Production and consumption are not two alternative means of meeting human needs or of satisfying human desires. Nor are production and consumption two alternative ultimate goals of human existence. “Consumption” is the name we give to the act of satisfying the ultimate economic ends that humans have; “production” is the name we give to the act of using the means that we use to satisfy these ends. Consumption is the end; production is the means.
Of course, consumption can consist exclusively of what mature people rightly judge to be frivolous or even self-destructive amusements: lounging lazily in bed all day and never working, overeating, getting drunk, gambling, having casual sex.
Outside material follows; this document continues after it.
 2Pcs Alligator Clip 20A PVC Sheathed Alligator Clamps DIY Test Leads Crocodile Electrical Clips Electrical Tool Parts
But consumption can also – and for mature people does – consist not only of satisfying physical needs, such as eating and wearing clothes, but also of pursuing ‘higher’ satisfactions, such as leisure well spent, quality time with family, friends, and neighbors, and even choosing to work in a lower-paying job that offers desired non-pecuniary amenities.
As economists understand these concepts, production and consumption can no more be sensibly traded-off against each other than lawn-mowers can be traded-off against mowed lawns, or than wheat fields can be traded-off against loaves of bread. The former are means to the attainment of the latter, which are ends. Production occurs only insofar as it contributes to the satisfaction of consumption desires.
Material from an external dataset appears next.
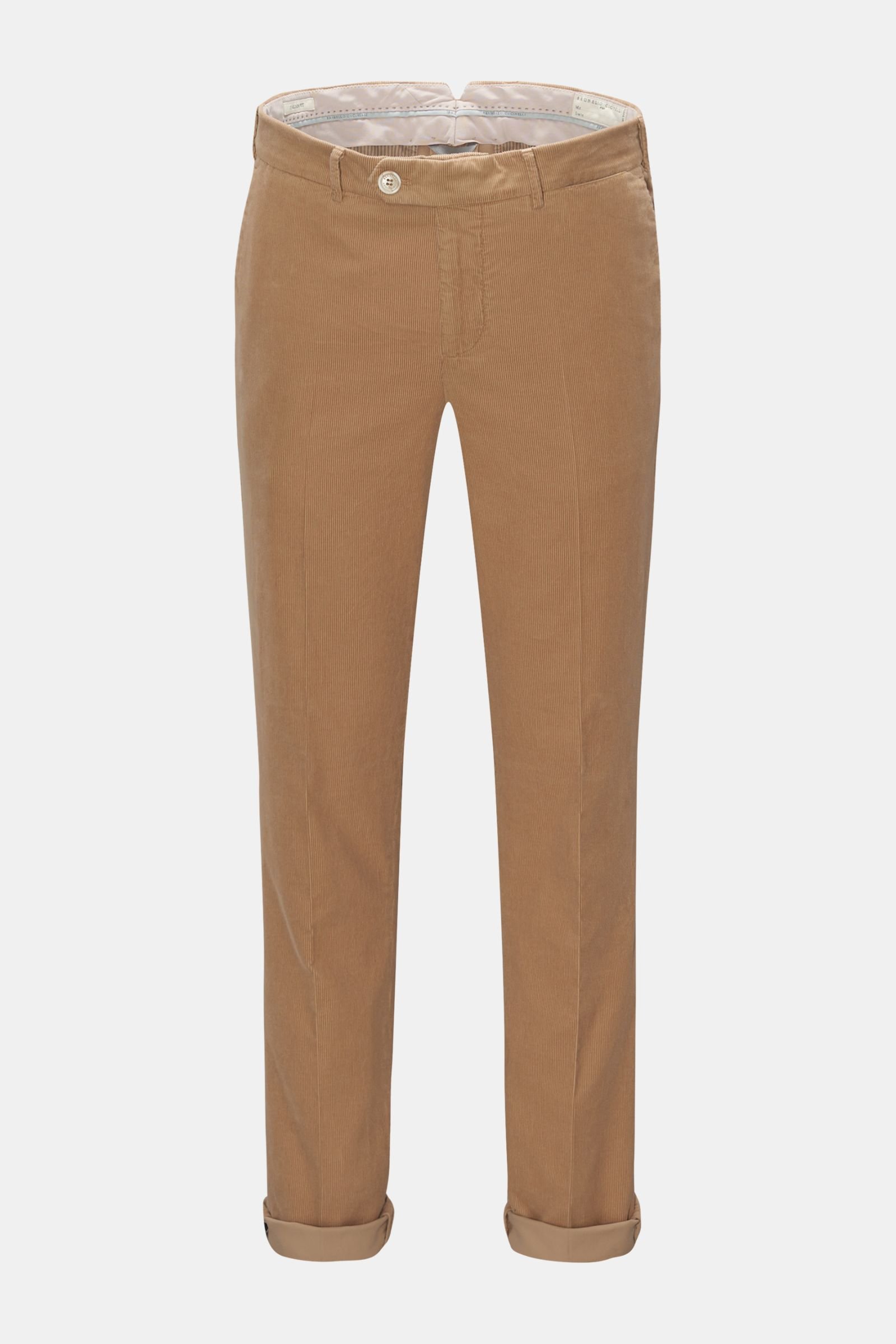 Corduroy trousers 'Italian Fit' light brown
It’s true that we can today reduce the amount of time and resources we devote to the mowing of lawns in order to increase today our production of lawn mowers. But such a move makes sense only if we want to be able tomorrow to mow even more lawns. More generally, we can – and (thankfully) many of us do – today reduce our consumption in order to invest. This move, however, is done only to increase our or our families’ ability tomorrow to consume. This trade-off of ends for means differs categorically from trading-off against each other two ‘ends,’ say, pizza against burgers, or employment in high-stress and high-paying jobs against employment in lower-stress and lower-paying jobs.
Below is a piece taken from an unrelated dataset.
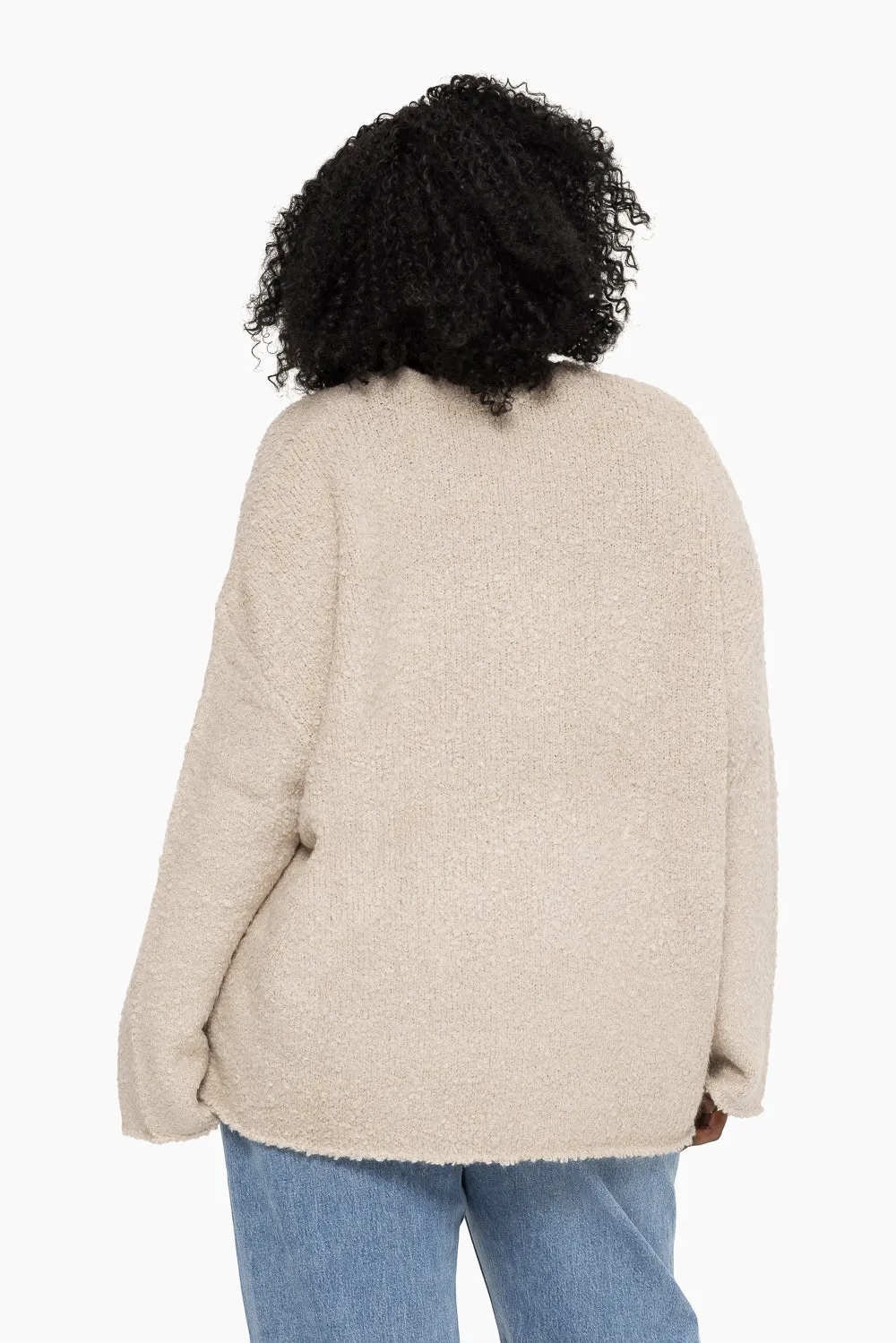 BOUCLÉ OVERSIZED CREWNECK SWEATER - OAT sold by SETactive product image thumbnail 5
I don’t know if people such as Cass and Lighthizer do or don’t understand what economists mean by “consumption” and “production” and choose to ignore this meaning in order to press their case for protectionism. I suspect that they don’t understand this distinction. They read economics carelessly or tendentiously, and thus cheaply obtain ammunition that they then use to argue against the economic case for free trade. Their ammunition, being cheap, sounds and looks effective only to uninformed people; to informed people it’s seen as the cheap ammunition that it is.
…..
By the way, the argument above applies also to those persons, such as Lina Khan and other “neoBrandeisians,” who reject the consumer welfare standard as the sole guide for antitrust policy.